Pobre Yorick

 

(…)
HAMLET — Quanto tempo pode uma pessoa ficar na terra, sem apodrecer?

PRIMEIRO COVEIRO — A la fé, se já não começara a apodrecer em vida, que hoje em dia há muitos bexiguentos que mal esperam pela inumação, poderá durar-vos coisa de oito anos ou nove; um curtidor demora nove anos.

HAMLET — E por que ele mais tempo do que os outros?

PRIMEIRO COVEIRO — Ora, senhor, é que a profissão lhe endurece a pele, tornando-a impermeável à água, que é o mais ativo destruidor do bandido do cadáver. Temos aqui outro crânio, que vos ficou na terra seus vinte e três anos.

HAMLET — De quem era este?

PRIMEIRO COVEIRO — Do mais extravagante louco que já se viu. Quem pensais que ele fosse?

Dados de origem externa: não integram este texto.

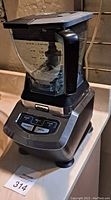 Front angled view of Ninja blender showing base, control buttons, transparent blending container with black lid, and handle.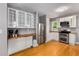 A well-lit kitchen featuring wooden floors, stainless steel appliances, and white cabinetry at 2486 Memorial Se Dr, Atlanta, GA 30317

HAMLET — Não posso sabê-lo.

PRIMEIRO COVEIRO — Para o diabo com sua loucura! Certa vez atirou-me à cabeça uma botija de vinho do Reno. Esse crânio aí, senhor, esse crânio ai, senhor, era o crânio de Yorick, o bobo do rei.

HAMLET — Este?

PRIMEIRO COVEIRO — Precisamente.

HAMLET — Deixa-me vê-lo. (Toma o crânio) Pobre Yorick! Conheci-o, Horácio; um sujeito de chistes inesgotáveis e de uma fantasia soberba. Carregou-me muitas vezes às costas. E agora, como me atemoriza a imaginação! Sinto engulhos. Era aqui que se encontravam as faces que eu beijei não sei quantas vezes. Onde estão agora os chistes, as cabriolas, as canções, os rasgos de alegria que faziam explodir a mesa em gargalhadas? Não sobrou uma ao menos, para rir de tua própria careta? Tudo descarnado! Vai agora aos aposentos da senhora e dize-lhe que embora se retoque com uma camada de um dedo de espessura, algum dia ficará deste jeito. Faze-a rir com semelhante pilhéria. Dize-me uma coisa, Horácio, por obséquio.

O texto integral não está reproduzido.